Converting low cost Adwords phrases into expensive Espotting links.

         

rencke

11:12 am on Oct 7, 2003 (gmt 0)

WebmasterWorld Senior Member 10+ Year Member



Espotting can drain your account in hours and your bank account too, if you have opted for automatic billing. Here is a case story:

This search for 'stockholm' [google.se] in Google displays one ad across the top and six in the column to the right. The top ad is mine and currently costs me $0.46 per click. The first of the six is an Espotting affiliate - 247-shopping.co.uk, who - by definition - pays Google less. Note the similarities. Their "general info about a trip to Stockholm" is actually a part of my service.

If you click that ad, you will be shown a page full of Espotting ads where I rank tops again, but the link redirects via Espotting and the search phrase has been changed from 'stockholm' (which costs just £0.29 in Espotting for the #1 spot) to the expensive 'stockholm hotel' which costs £1.00 for the #1 spot.

In my case, this predatory practise started on Sept 11, when I switched from manual to automatic billing. The account was drained within a few hours and then refilled automatically again and again. I had set the automatic billing to £100 per time and eventually it was running behind so much that all my Espotting UK advertising was suspended automatically. In just a few days, I had costs soar tenfold, without selling more. I originally suspected that someone was using a robot to generate clicks and complained to Espotting UK, who promptly refunded almost £1000.00 and said that the matter had been resolved.
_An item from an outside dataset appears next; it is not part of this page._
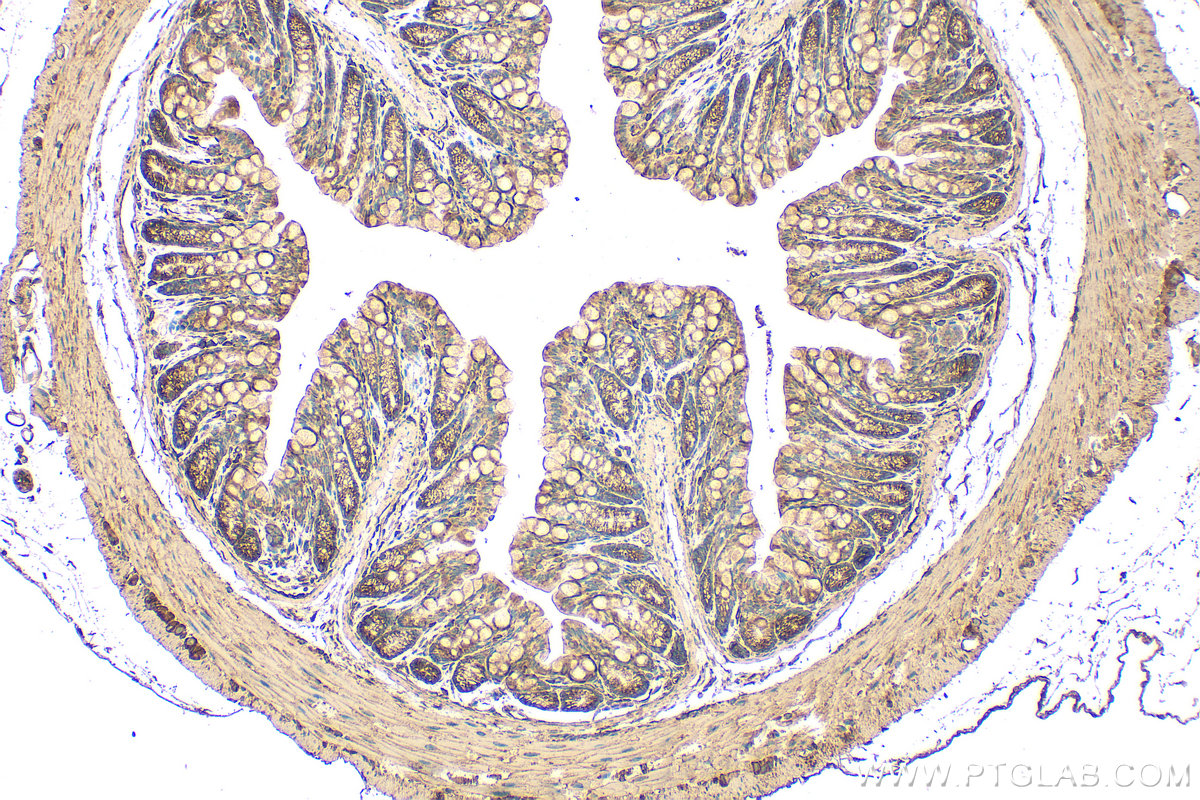 IHC staining of mouse colon using 31499-1-AP IHC staining of mouse colon using 31499-1-AP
But I have now found out that it hasn't. At this time two different Espotting affiliates are into this game, one British and one Swedish, and there are probably more. These people are nothing but predators who convert relatively inexpensive Google phrases into very expensive Espotting phrases, presumably pocketing the difference.

If Espotting UK doesn't put a stop to this, they will lose my business.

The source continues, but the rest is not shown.